La maladie de Parkinson affecte 2 % de la population après 65 ans et 4 % après 80 ans, soit une incidence de 10 à 15/10 000 dans les pays occidentaux. Cette pathologie est à l’origine de déficiences notamment motrices (bradykinésie, rigidité, troubles du contrôle de la posture, hypométrie, tremblement) entraînant un handicap fonctionnel progressif altérant rapidement la qualité de vie et l’autonomie du patient.

La découverte de la lévodopa (années 1960) a permis d’améliorer ces symptômes moteurs (effet moindre sur les troubles de l’équilibre et la marche). Cependant les thérapeutiques dopaminergiques seules s’avèrent incapables de contrôler toutes les déficiences et sont même à l’origine d’effets indésirables non négligeables (dyskinésies, fluctuations d’efficacité). D’autres thérapeutiques pharmacologiques ou neurochirurgicales se sont développées mais elles sont à ce jour insuffisantes et non dénuées de risque.

Malgré la faiblesse méthodologique des études scientifiques, l’activité physique, par une prise en charge spécialisée adaptée, est un atout majeur pour la prise en charge des troubles moteurs du patient atteint d’un syndrome parkinsonien typique ou atypique.
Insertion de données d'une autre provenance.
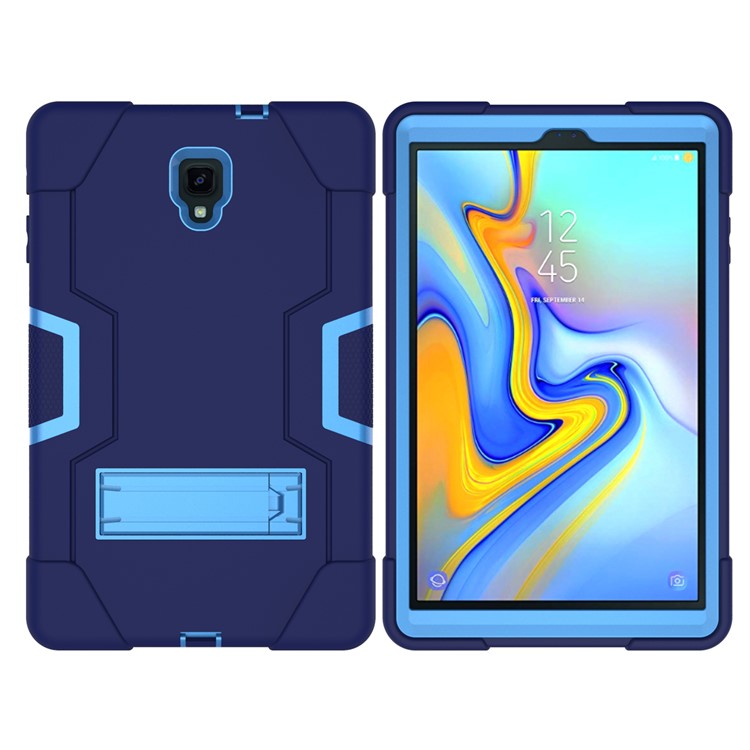 Cool PC + Silicone Hybrid Kickstand Protection Shell for Samsung Galaxy Tab A 10.5 (2018) T590 T595 - Baby Blue / Dark Blue-4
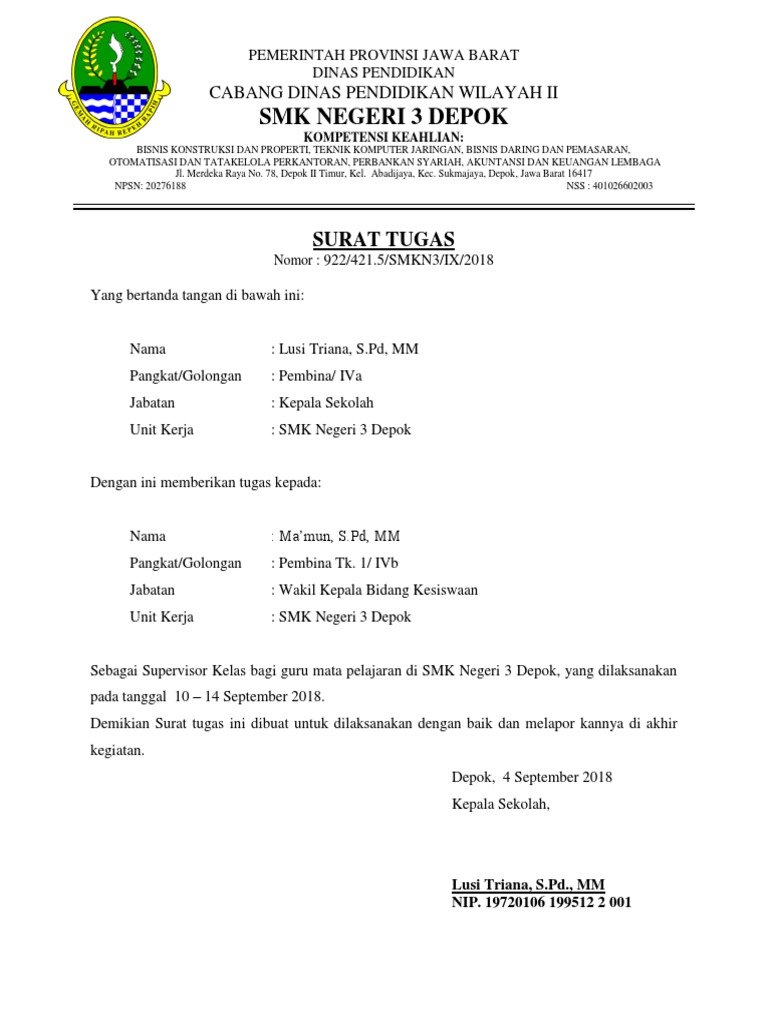 Contoh Surat Tugas Guru Pembelajaran Daring Dunia Sosial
Elle aurait même un effet neuroprotecteur. Cependant malgré son efficacité, le recours à l’activité physique en tant que thérapeutique reste sous-utilisé, moins de 30 % des patients ambulatoires en bénéficient.

Laquelle et pour qui ?

Quel type d’activité physique, et pour quels patients ?

L’activité physique doit être proposée à tous les patients parkinsoniens mais elle doit être adaptée au stade clinique. Deux groupes se distinguent : ceux ayant conservé leur capacité de se lever et de déambuler avec peu de troubles cognitifs (groupe A), et ceux ayant des difficultés à se mouvoir seuls avec des troubles cognitifs nécessitant le recours à un tiers (groupe B). Différentes prises en charge validées doivent se combiner.

Groupe A 

Renforcement musculaire (notamment des membres inférieurs) dans le but d’améliorer l’équilibre, les ajustements posturaux et ainsi limiter le risque de chute. Ce renforcement est possible par la réalisation d’exercices contre résistance croissante. Il permet également de limiter la rigidité musculaire.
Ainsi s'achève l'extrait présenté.